Shortbread is one of the simplest and most beloved biscuits in the world. With origins dating back to medieval Scotland, it was traditionally reserved for special occasions like Christmas, weddings and Hogmanay – Scottish New Year.
Its name stems from the word ‘short’, a baking term that refers to the crumbly texture achieved by a high fat-to-flour ratio, and it’s believed shortbread evolved from ‘biscuit bread’, a type of twice-baked leftover bread dough enriched with butter and sugar. Over time, the yeast was replaced with more butter, and eventually rice flour, resulting in the crumbly, tender texture we know today.
The Shortbread Debate: Rice Flour vs Icing Sugar
It all comes down to texture and sweetness.
Rice flour is often used in traditional Scottish shortbread recipes to create a sandy, crumbly texture that melts in your mouth. Its subtle nuttiness also adds a depth of flavour that complements the butter beautifully.
Icing sugar, on the other hand, creates a softer, more delicate texture. Shortbread recipes featuring icing sugar tend to yield biscuits with a tender, almost silky crumb and a smoother texture. When baked, these types of shortbread develop a perfect balance of crisp edges with a melt-in-your-mouth centre – perfect for variations like the Cranberry Orange Shortbread and these Chocolate Dipped Mint Shortbread.
Both approaches have their merits, and this series gives you a chance to try both styles to find your favorite!
Recipe Ingredients
This Chocolate Dipped Mint Shortbread recipe uses just a handful of ingredients, each playing a key role in creating a perfect biscuit (find the exact measurements in the recipe card below):
- Butter. The soul of shortbread, what makes shortbread, well, shortbread! It imparts richness and a melt-in-your-mouth texture. Choose a high-quality, unsalted butter for best results.
- Icing sugar. Using icing sugar creates a delicate, almost silky crumb, making the biscuit tender and light. It’s a key ingredient for achieving a softer shortbread.
- All-purpose flour. Forms the base of the shortbread, providing structure.
- Mint extract. Be sure to use extract, not essence, for the best flavour, but go easy – mint extract is strong and you don’t want your shortbread to end up tasting like toothpaste!
- Dark chocolate. For dipping, use a good-quality chocolate to ensure a glossy finish.
- Candy canes. Crushed candy canes are an optional but festive decorative touch.
How to Make these Chocolate Dipped Mint Shortbread
Making these minty shortbread biscuits is quick and easy! Just follow these simple steps for the perfect batch:
- Make the dough. Using a hand mixer with the beaters attachment (or a wooden spoon and elbow grease), beat the softened – but not melted! – butter until smooth and pale. Add the salt and icing sugar, and cream until well combined and fluffy. On low speed, mix in the mint extract and flour until a shaggy dough just forms. Using your hands, bring the dough together in the bowl without overworking it.

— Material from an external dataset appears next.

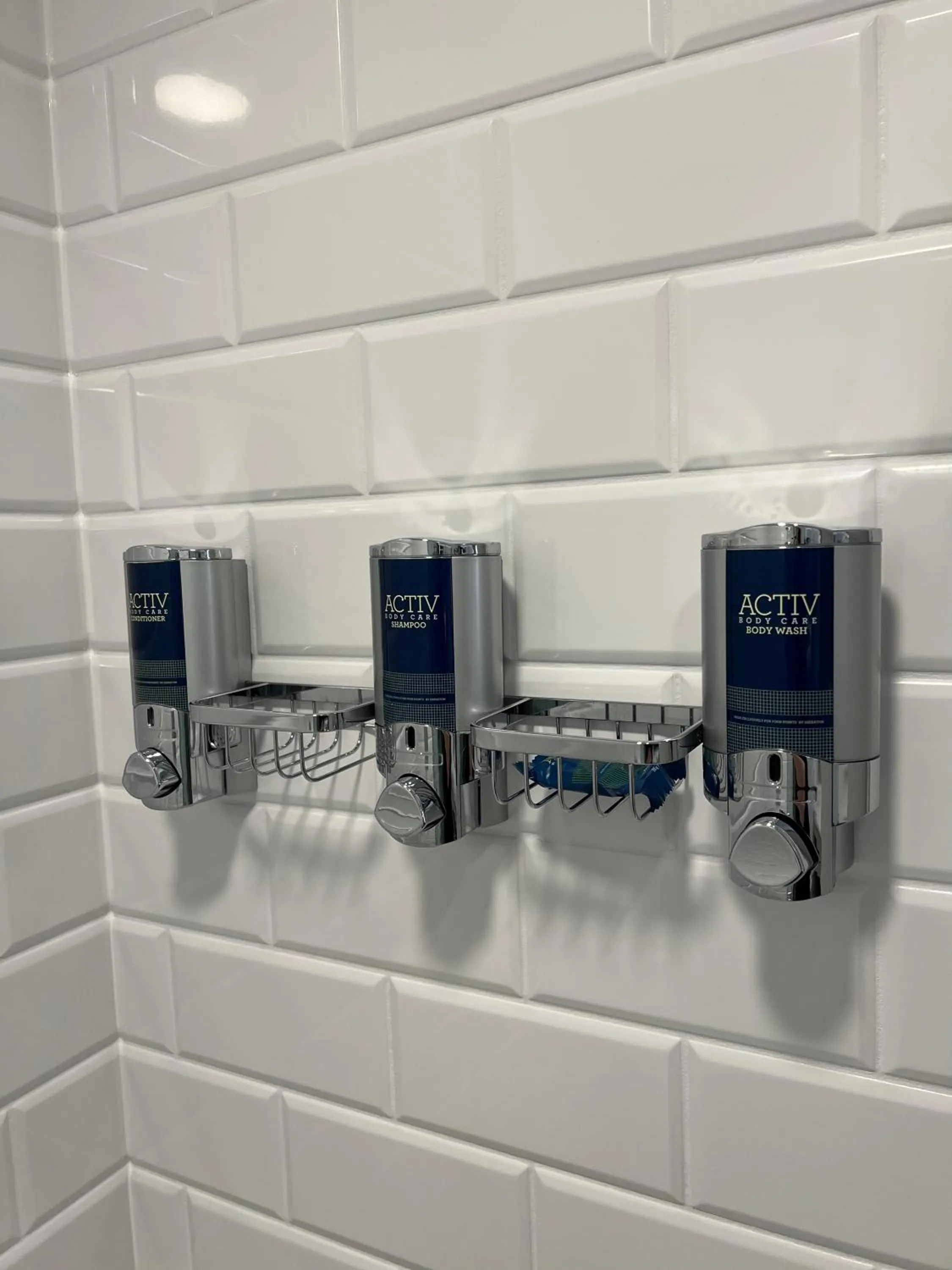 Shower in Four Points by Sheraton Norwood Conference Center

- Chill the dough. Shape the dough into a flat disk, cover in cling film and chill in the fridge for 30 minutes.
- Preheat the oven. Preheat the oven and get two baking trays ready.
- Shape the dough. Roll out the dough to 1cm thick in between two pieces of baking paper – keep the baking paper to line the baking trays with! Using your favourite cookie cutters, cut out as many biscuits as you can before pressing the scraps back together and repeating the same process. If the cut out dough has warmed too much, pop it back in the fridge – tray and all – for 10 minutes. Alternatively, you can shape the dough into a log and slice it into rounds.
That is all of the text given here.